«Da Krapp a senza parole» in quattro atti unici

«Da Krapp a senza parole» in quattro atti unici

Con i suoi ottantadue anni splendidamente portati (la sua chioma bianca è persino più azzimata di quella dell'ultimo Strehler), Glauco Mauri è molto più che il decano della scena italiana: è una figura di congiunzione tra i formidabili anni cinquanta e sessanta, quando gli attori passavano direttamente dal palcoscenico alla televisione per recitare in sceneggiati dei quali le nostre odierne fiction sono spesso involontarie parodie, e questi ultimi due decenni in cui il teatro si è immesso in un cono d'ombra mediatico che ne ha prosciugato il pubblico, ma che forse ne ha preservato una qualità di fondo. Nel 1961 Mauri è stato il primo interprete italiano di «L'ultimo nastro di Krapp», uno dei testi più significativi della drammaturgia di Samuel Beckett. A più di cinquant'anni di distanza, ecco che un frammento di quella rappresentazione (diretta da Franco Enriquez per la Compagnia dei Quattro) rivive in «Da Knapp a senza parole», lo spettacolo in cartellone al Carcano fino a domani. Quattro atti unici beckettiani (oltre a Krapp, «Respiro», «Improvviso dell'Ohio» e «Atto senza parole» preceduti da un "Prologo"), alcuni dei quali si sono visti molto di rado, nella versione della compagnia Mauri-Sturno si trasformano in un gioco di delicati rimandi al passato, al dolore del tempo che passa senza che si colga il senso di questo transito, alla solitudine come condizione inesorabile dell'esistenza. Una recitazione pulita, che sfiora il silenzio e si esprime per accenni e trasalimenti, caratterizza la bella performance di Roberto Sturno, che da più di trent'anni fa coppia con Mauri. Quella dello stesso Mauri è invece una interpretazione che alterna dosi di follia e tenerezza, comicità e straziante percezione del crepuscolo.

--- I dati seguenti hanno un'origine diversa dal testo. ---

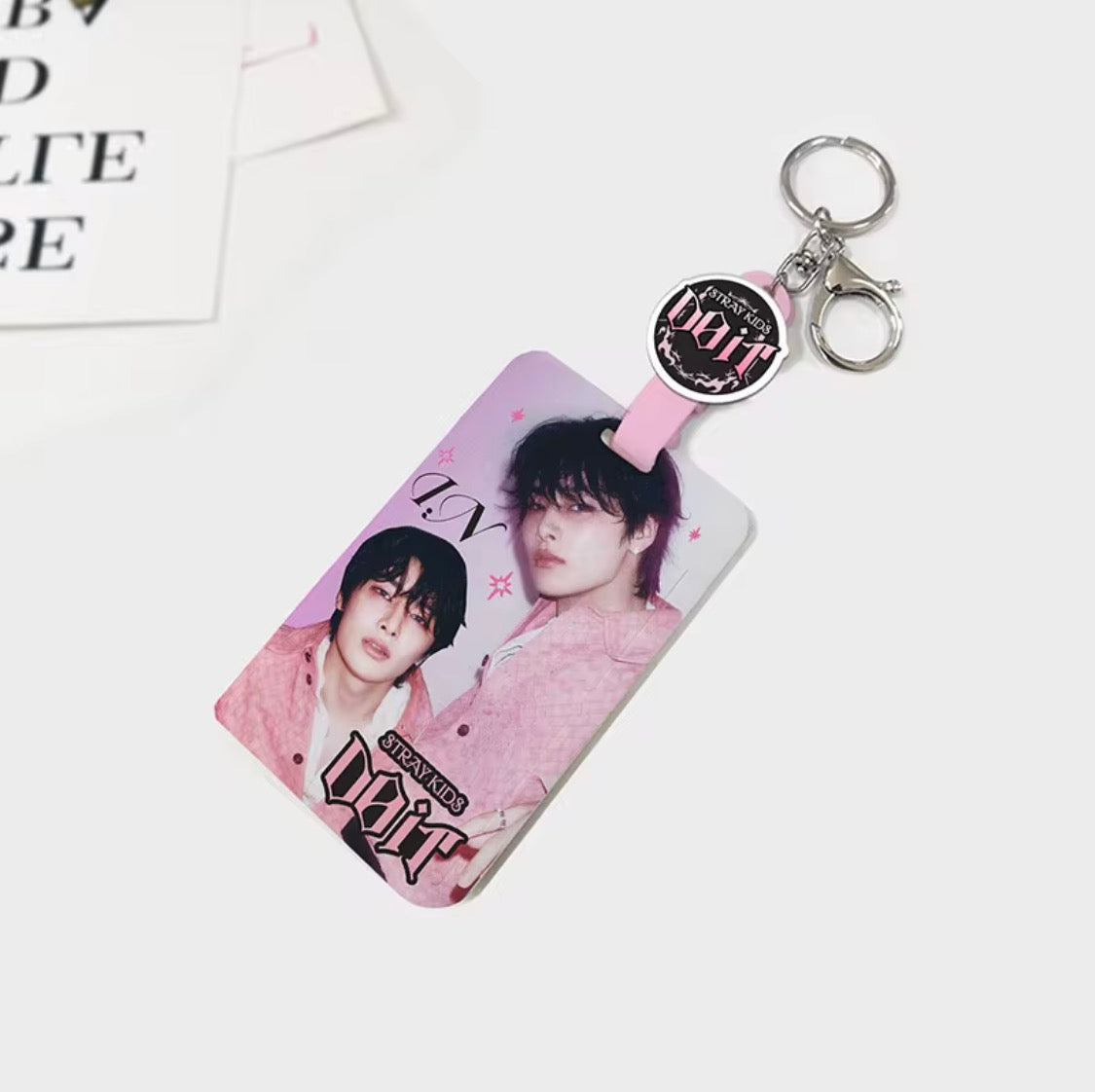 K-POP Stray Kids Acrylic Telescopic Buckle Card
Holder KEYCHAIN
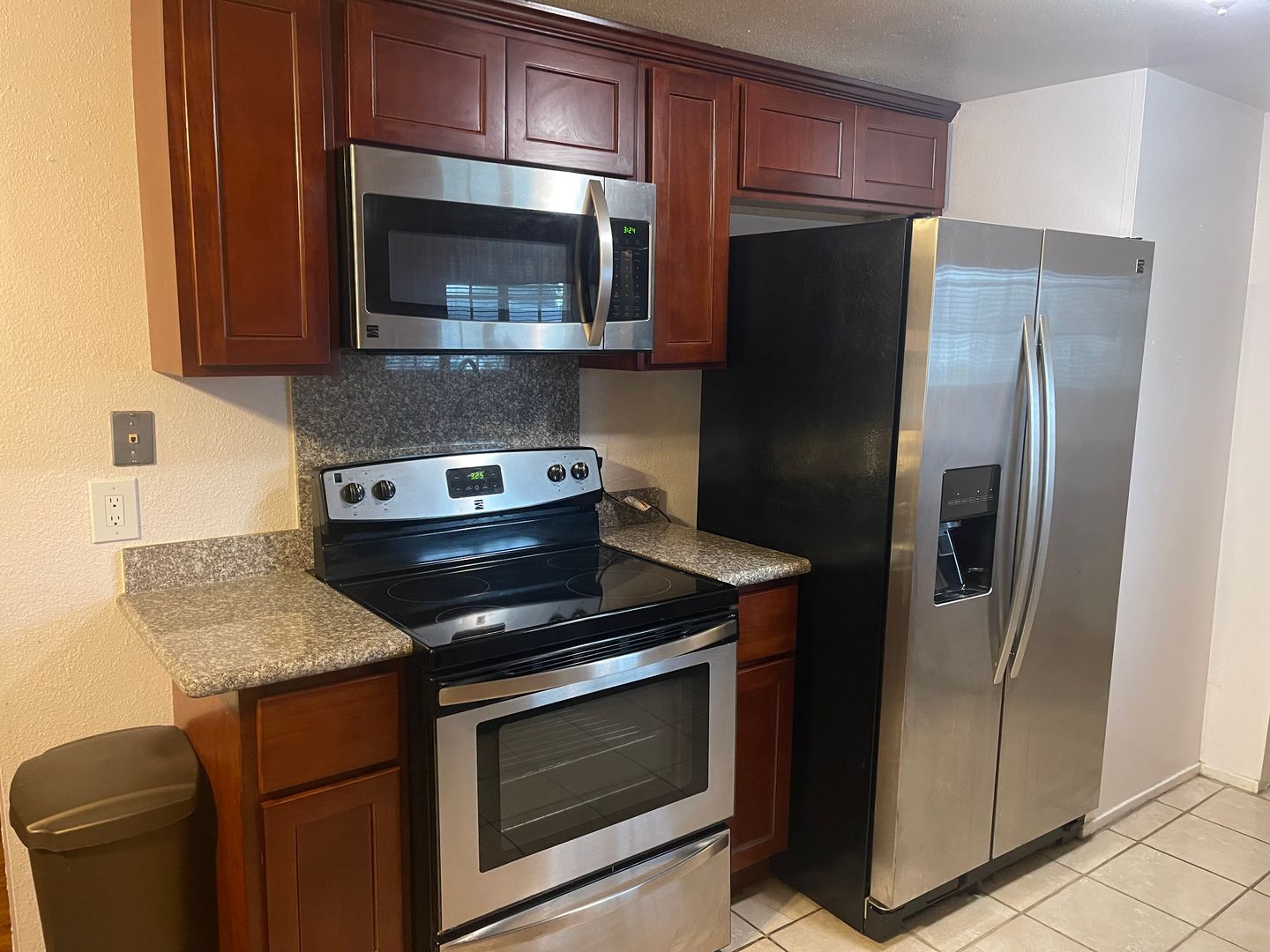 723 Clinton Dr - Stockton - California - 4 bed, 2 bath rental property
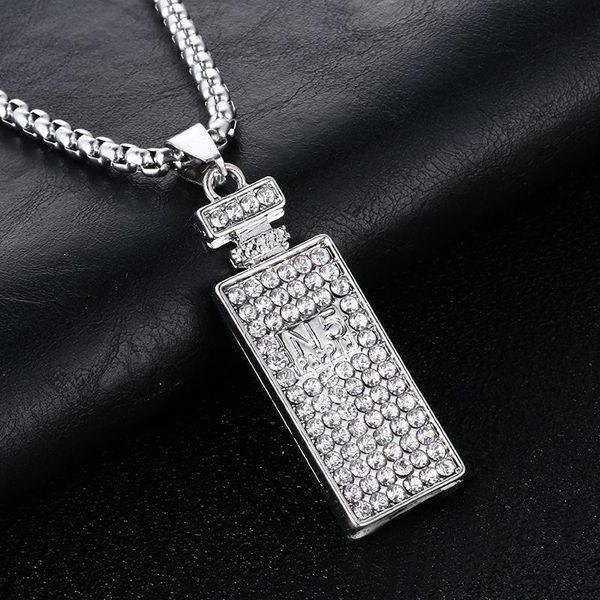 2020 new n5 crystal square pendant necklace for man womer street silver hip hop necklace sweater chain
2020 new n5 crystal square pendant necklace for man womer street silver hip hop necklace sweater chain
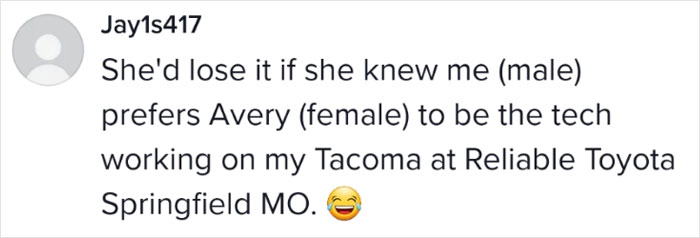 Karen Complains Women Don't Belong In Auto Service, Demands A Male Mechanic Karen Complains Women Don't Belong In Auto Service, Demands A Male Mechanic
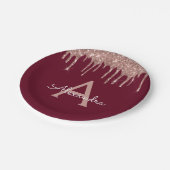 Burgundy Pink Rose Gold Glitzer Monogram Birthday Pappteller (Schrägansicht)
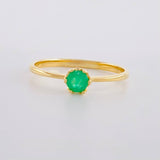 Anillo Solitario Seis Garra Esmeralda 20pts 1.6g / T7 Oro Amarillo 18K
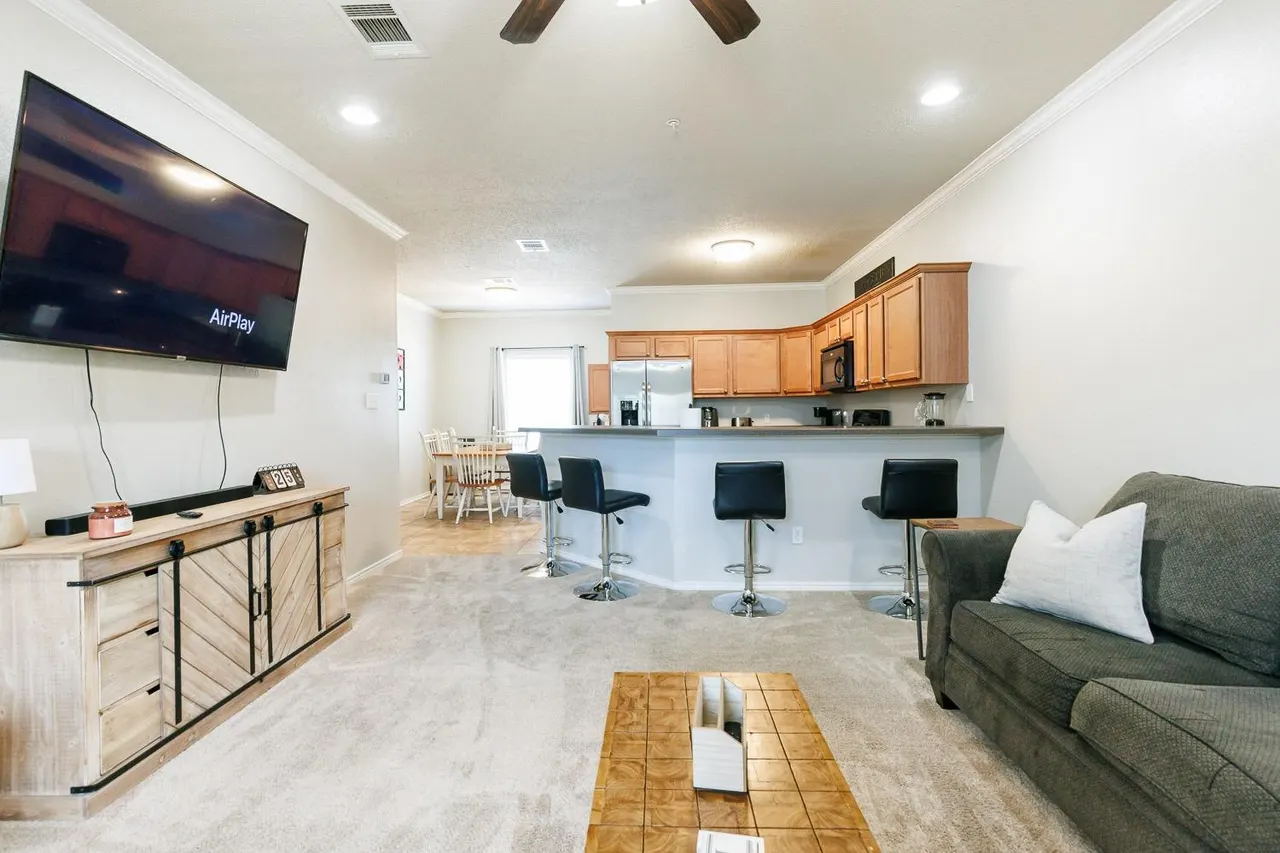 Photo 10 — 2106 Main Street 9, Lubbock, TX 79401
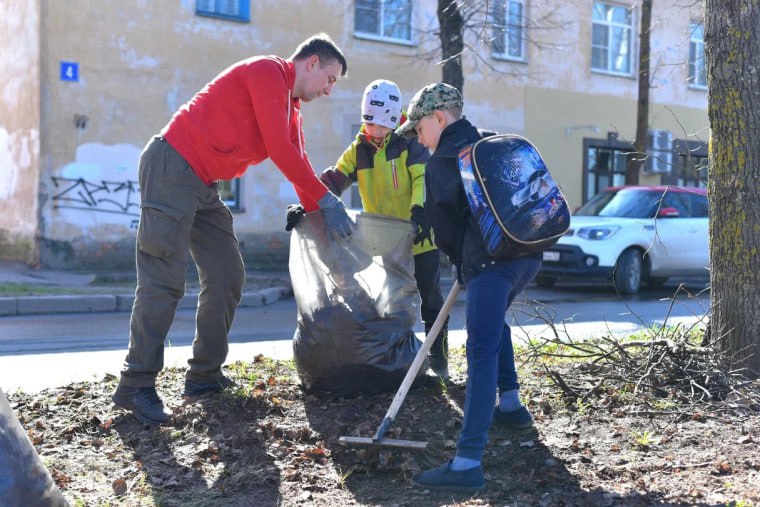 Великий Новгород готовится к весенней уборке  21-22 марта и 4 апреля в городе пройдут общегородские субботники. В уборке примут участие более 2000 человек: сотрудники администрации, юнармейцы, студенты и волонтеры. Мусор вывезут на полигон ТБО «Экосити»  Подписаться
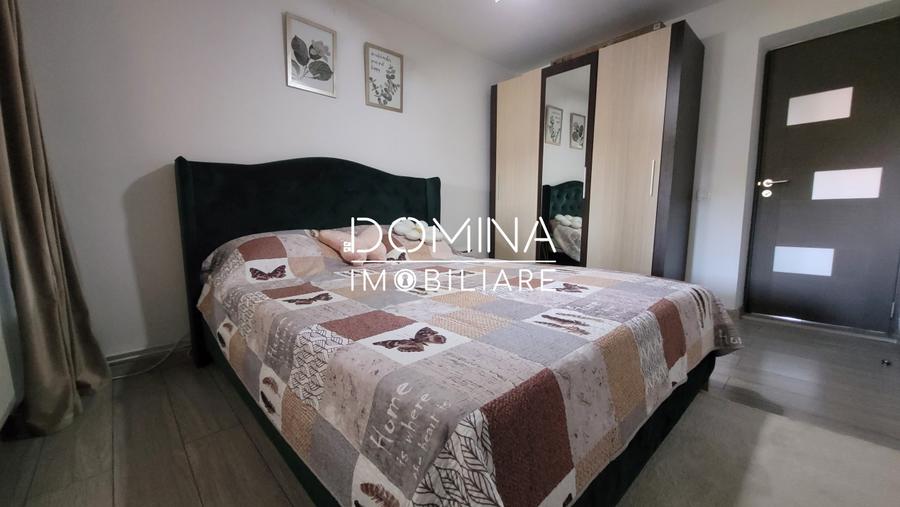 Vânzare apartament 4 camere, decomandat, strada Victoriei – central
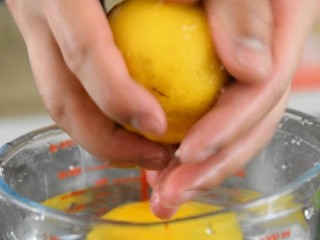 1、夏天最滋润的事，就是来一杯酸甜柠檬蜜,柠檬清水浸泡，表面抹一层盐摩擦片刻。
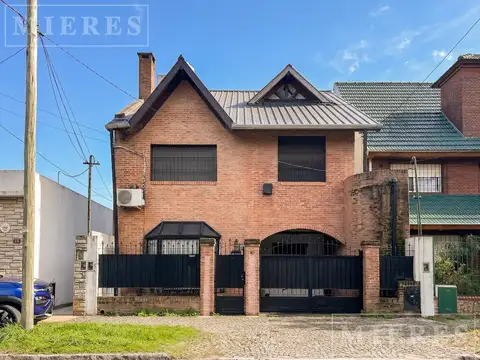 Muy linda casa en venta en Las Lomas de San Isidro.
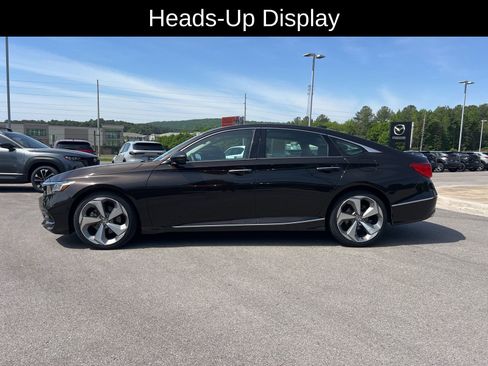 Used 2018 Honda Accord Touring image 5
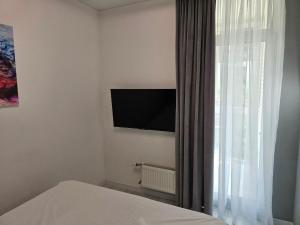 Nyvky Like Home - Файна Таун із сезонним басейном - Кв 6 низький поверх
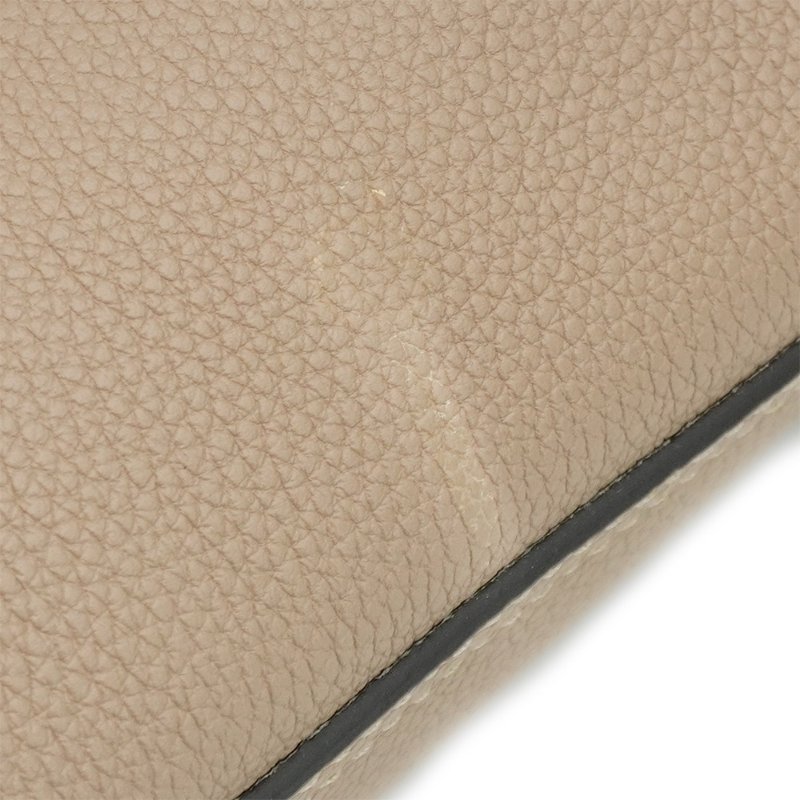 Gucci 展示品 Hook Closure 粒面皮革中號二用肩背包(795282-米)-6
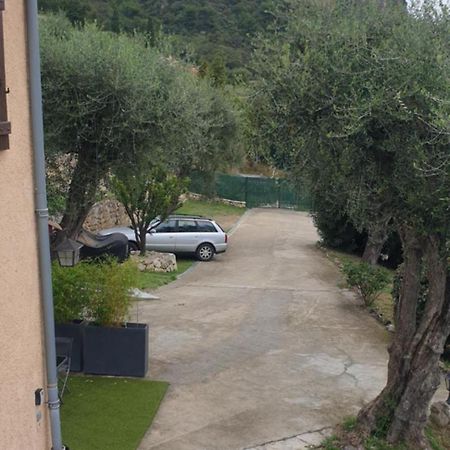 Aux Balcons du Riou avec vue mer 180 degrés Vence Extérieur photo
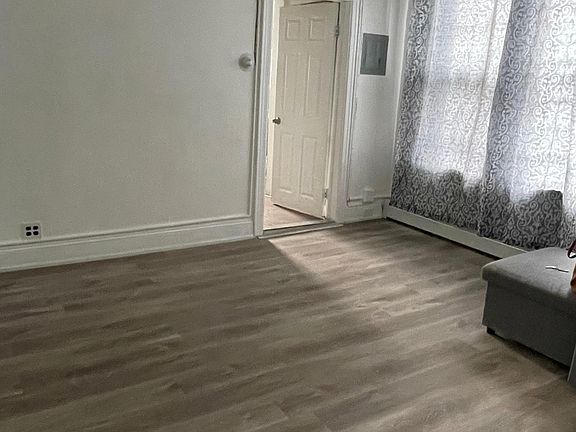 4th image of 769 Edison Ave Floor 1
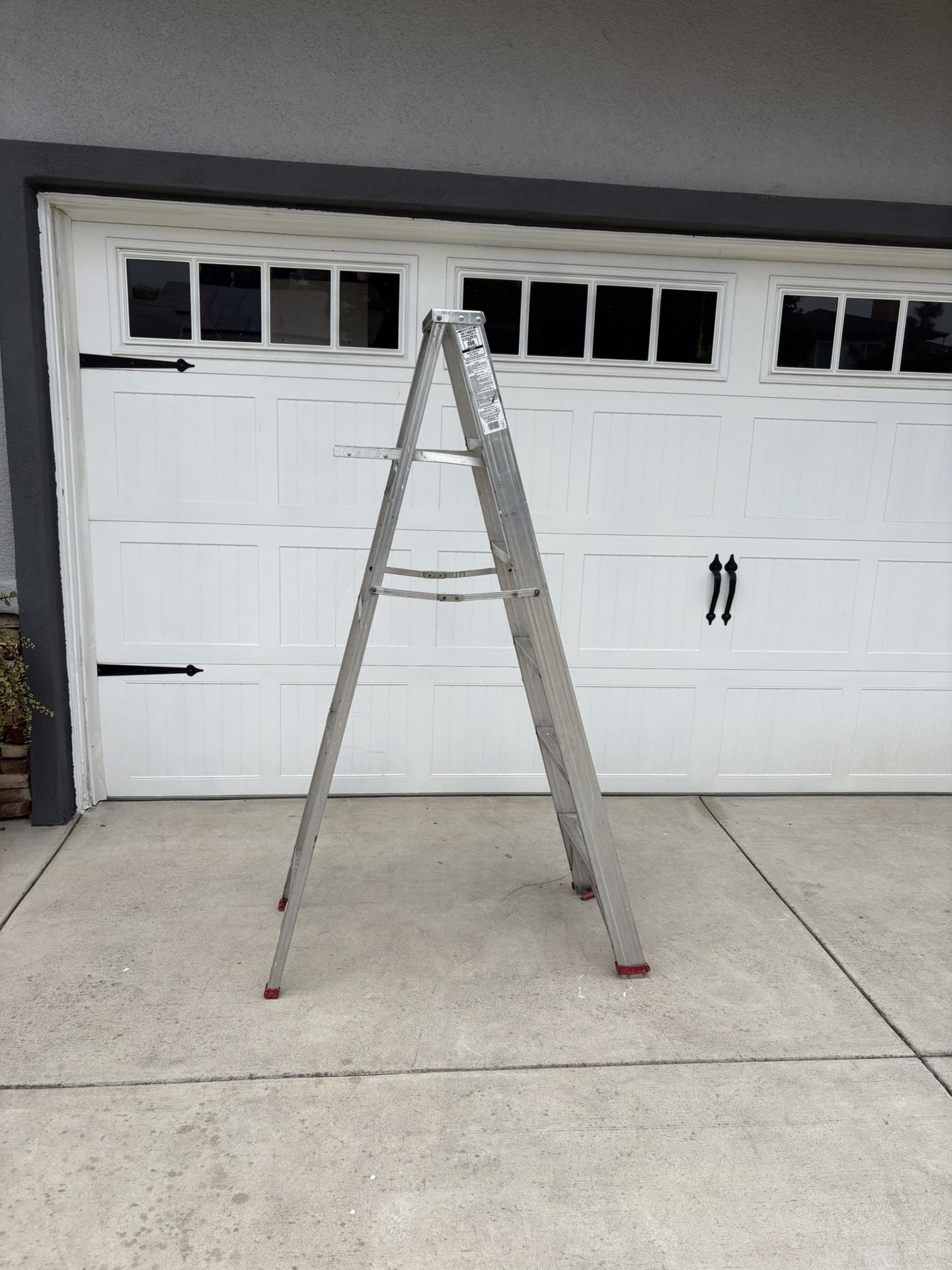 Aluminum Ladder 6 Feet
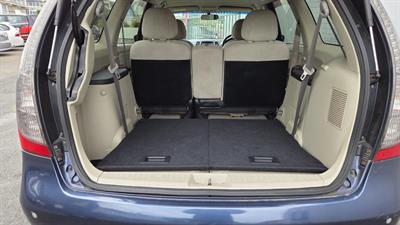 2005 Mitsubishi Grandis - Thumbnail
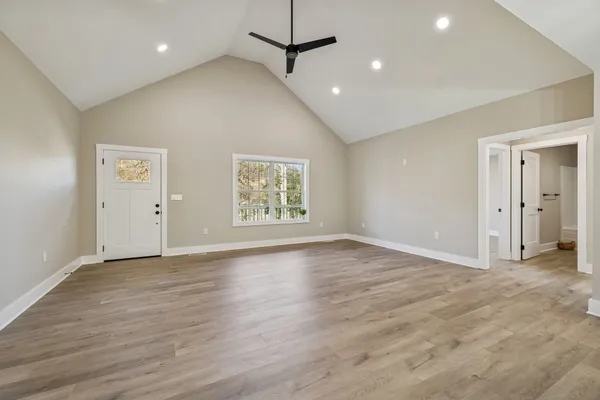 $419,900 | 105 Agee Branch Lane, Hickman, TN 38567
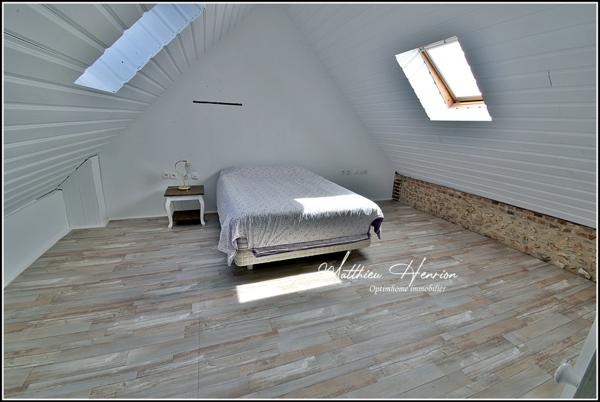 A Guichainville, maison de caractère rénovée avec soin, DPE D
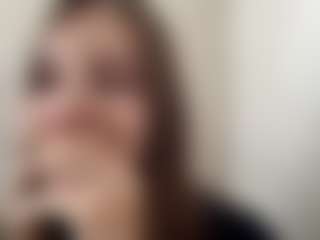 OraleeProuty's Live Sex Cam Show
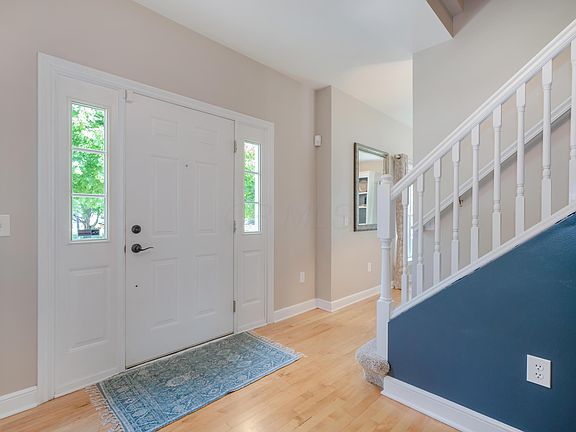 4th image of 759 Aldengate Dr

L'apice dello spettacolo è tutto nel momento in cui il grande attore, con ironia ed eleganza, cita se stesso facendoci ascoltare il nastro registrato da un formidabile Krapp di cinquant'anni fa: la testimonianza di un passato che, nonostante la lezione di Beckett, è passato ma ha saputo trasmettere al presente il suo senso.